* [WHAT IS REQUIRED]:
Of the lines below, write out exactly those from the line with "Ein Paar hellblaue" through the line with "Gorgeous greens and", both included, and skip the rest.

* [DATA EXTRACT]:
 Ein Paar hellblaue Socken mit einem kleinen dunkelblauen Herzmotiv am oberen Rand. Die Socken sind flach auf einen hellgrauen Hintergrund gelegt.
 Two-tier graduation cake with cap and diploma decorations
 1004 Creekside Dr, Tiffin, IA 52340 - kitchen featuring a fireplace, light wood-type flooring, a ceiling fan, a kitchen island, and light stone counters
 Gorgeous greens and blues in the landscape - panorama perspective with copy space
==
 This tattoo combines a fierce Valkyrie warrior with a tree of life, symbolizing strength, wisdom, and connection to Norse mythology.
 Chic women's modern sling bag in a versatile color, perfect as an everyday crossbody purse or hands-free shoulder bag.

* [FINISHED EXERCISE]:
 Ein Paar hellblaue Socken mit einem kleinen dunkelblauen Herzmotiv am oberen Rand. Die Socken sind flach auf einen hellgrauen Hintergrund gelegt.
 Two-tier graduation cake with cap and diploma decorations
 1004 Creekside Dr, Tiffin, IA 52340 - kitchen featuring a fireplace, light wood-type flooring, a ceiling fan, a kitchen island, and light stone counters
 Gorgeous greens and blues in the landscape - panorama perspective with copy space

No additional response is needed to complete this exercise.